Stung by the occupy movement and tens of thousands of sympathy protesters, Ma’s Nationalist Party lost nine local elections in November, prompting him to resign as party head.

Protests last year also dealt a blow to Taiwan’s relations with China, which have improved during Ma’s term but remain tense because of Beijing’s desire to have the island unify with the mainland. Beijing has claimed Taiwan since the Chinese civil war of the 1940s, but Taiwanese prize their democratic self-rule.

Relations between Taipei and Beijing have changed little since last year’s protests, with no new deals reached between the two sides, chilling Taiwan’s economic expansion. Ma’s government has kept quiet on China since the local election losses as the party gears up for the January 2016 presidential election, which may be decided in part by voters who want more distance from China.

“The government people are cautious because there’s so much that could go wrong when it comes to China,” said Ross Feingold, senior adviser with U.S.-based consultancy firm D.C. International Advisory. “If an agreement is on the table, somebody is going to criticize it.”

The Nationalists’ chief opposition, the Democratic Progressive Party, advocates more restraint in negotiating with China, playing to the ideals of the Sunflower Movement protesters.

On March 18, 2014, several hundred people, apparently led by university students, entered the parliament’s normally guarded assembly hall in central Taipei to stop a proposed fast-track ratification of a Taiwan-China service trade liberalization pact.

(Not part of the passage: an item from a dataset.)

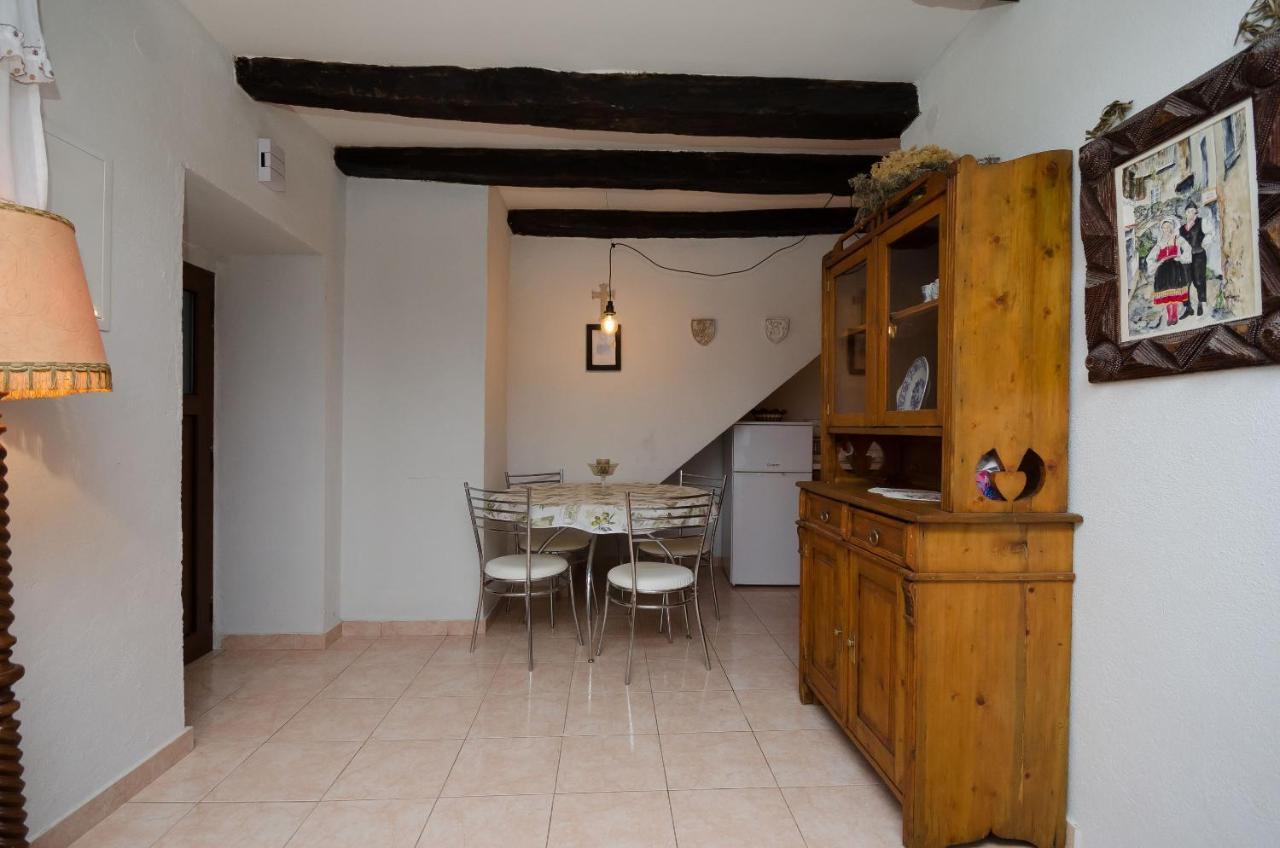 Under Ancient Roofs Vrbnik Apartment Bagian luar foto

The pact was signed in 2013 and would open markets in 144 sectors, including finance.

Parliament has not ratified the trade deal, irking China as well as Ma’s government.

Thousands more young Taiwanese joined protesters outside the gates of parliament to question whether Taiwan should continue economic ties with China as long as the two sides are politically at odds. They named their movement after the sunflower, saying they were looking into the light of Taiwan’s problems.

A year later a civilian group called the Economic Democracy Union commemorated the protests with a concert Wednesday evening. Some at the festive event posed for photos or bought T-shirts saying “Taiwan is not part of China” and “Save democracy - don’t sell our country.”

“We want peace but must persist in saying that the two sides are not part of one country, so in every kind of exchange we should be more careful,” said participant Cheng Yu-chen, 21, a history major at Soochow University in Taipei.

Hundreds of police, backed by rings of barbed wire, guarded the gates to the legislative compound and government office towers on either side of the stage in case the crowd attempted to break in.

Economic Democracy Union member Chien Nien-you said the group wants more public oversight over deals between Taiwan and China and more flexibility in the constitution for introducing legislation, so that “everyday people’s ideas can get heard.”

Various anti-government groups are planning events in Taipei and other cities through April 10.